Google today released Quantization Aware Training (QAT) API, which enables developers to train and deploy models with the performance benefits of quantization — the process of mapping input values from a large set to output values in a smaller set — while retaining close to their original accuracy. The goal is to support the development of smaller, faster, and more efficient machine learning models well-suited to run on off-the-shelf machines, such as those in medium- and small-business environments where computation resources are at a premium.
Often, the process of going from a higher to lower precision is noisy. That’s because quantization squeezes a small range of floating-point values into a fixed number of information buckets, leading to information loss similar to rounding errors when fractional values are represented as integers. (For example, all values in range [2.0, 2.3] might be represented in a single bucket.) Problematically, when the lossy numbers are used in several computations, the losses accumulate and need to be rescaled for the next computation.
The QAT API solves this by simulating low-precision computation during the AI model training process. Quantization error is introduced as noise throughout the training, which QAT API’s algorithm tries to minimize so that it learns variables that are more robust to quantization. A training graph leverages operations that convert floating-point objects into low-precision values and then convert low-precision values back into floating-point, ensuring that quantization losses are introduced in the computation and that further computations emulate low-precision.

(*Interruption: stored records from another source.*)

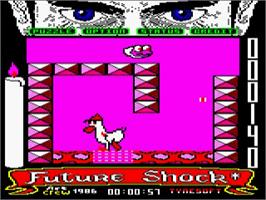 In game image of Future Shock on the Acorn BBC Micro.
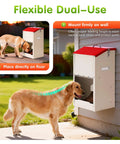 Heavy Duty Automatic Dog Feeder For Large Dogs With 25lb Gravity Bowl Clear Window View And Easy Push Gate Design For Big Hounds and Hustling Pet Parents Daily, placed on the ground and mounted on the wall.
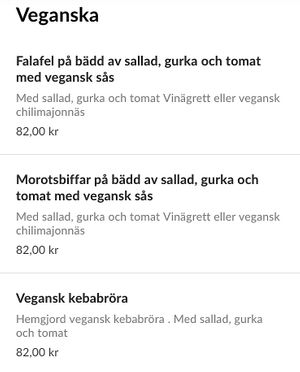 Menu from the local online order app Towni  at Fiffler'S Baguetter in Lidkoeping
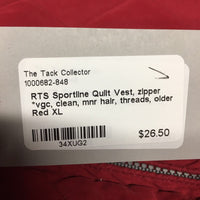 Quilt Vest, zipper *vgc, clean, mnr hair, threads, older
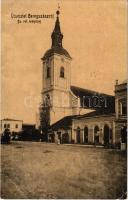 1909 Beregszász, Beregovo, Berehove; Református templom, Hausman üzlete, liszt raktár. W.L. 1951. a. / Calvinist church, shops (EK)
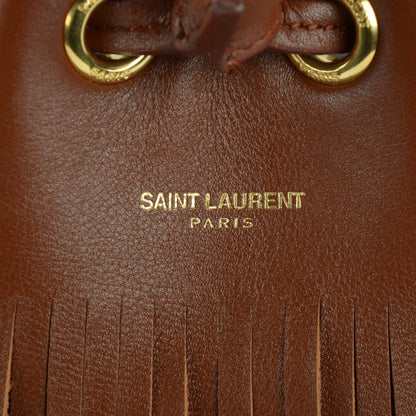 Saint Laurent Calfskin Small Emmanuelle Fringe Bucket Bag Cotto 6 of 8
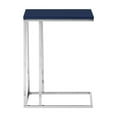 thumbnail image 2 of Maklaine Modern Wood Veneer & High Polished Steel Tray Table in Navy, 2 of 6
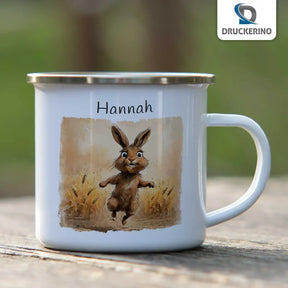 Emaille Tasse personalisiert | Hoppelnder Hase | Kindergeburtstag kleine Geschenke | Personalisierte Geschenke Emailletasse Druckerino   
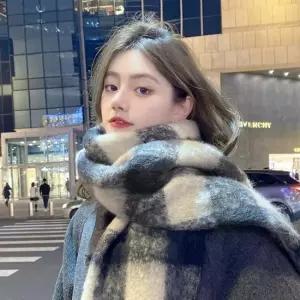 오버핏 체크 커플 숄 머플러 두툼하고 포근한 롱 목도리 넥워머 남녀 공용 방한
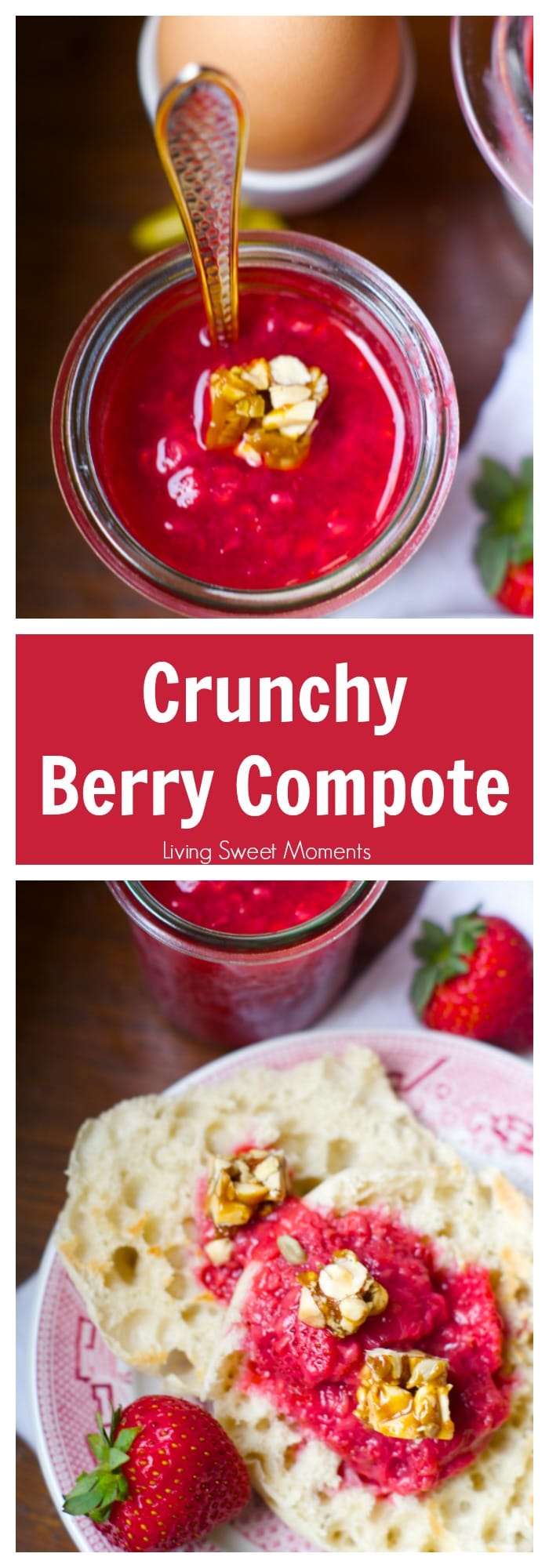 Berry Compote: this simple 3 ingredient compote is perfect to serve with toast, cake, pancakes and even yogurt parfaits in the morning. Delicious and easy!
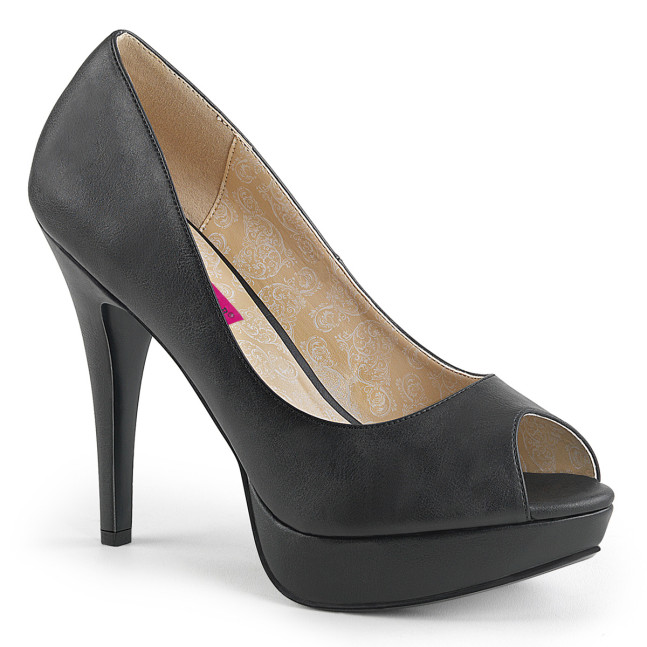 Pleaser Pink Label Chloe-01 BPU - Čierne lodičky s otvorenou špičkou na platforme s vysokými podpätkami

In tests, Google reports that an image classification model (MobilenetV1 224) with a non-quantized accuracy of 71.03% achieved 71.06% accuracy after quantization when tested on the open source Imagenet data set. Another classification model (Nasnet-Mobile) tested against the same data set only experienced a 1% loss in accuracy (74% to 73%) post-quantization.
Aside from emulating the reduced precision computation, QAT API is responsible for recording the statistics necessary to quantize a trained model or parts of it. This enables developers to convert a model trained with the API to a quantized integer-only TensorFlow Lite model, for example, or to experiment with various quantization strategies while simulating how quantization affects accuracy for different hardware backends.
Google says that by default, QAT API — which is a part of the TensorFlow Model Optimization Toolkit — is configured to work with the quantized execution support available in TensorFlow Lite, Google’s toolset designed to adapt models architected on its TensorFlow machine learning framework to mobile, embedded, and internet of things devices. “We are very excited to see how the QAT API further enables TensorFlow users to push the boundaries of efficient execution in their TensorFlow Lite-powered products as well as how it opens the door to researching new quantization algorithms and further developing new hardware platforms with different levels of precision,” wrote Google in a blog post.
The formal launch of the QAT API comes after the unveiling of TensorFlow Quantum, a machine learning framework for training quantum models, at the TensorFlow Dev Summit. The QAT API was previewed during a recorded session at the conference.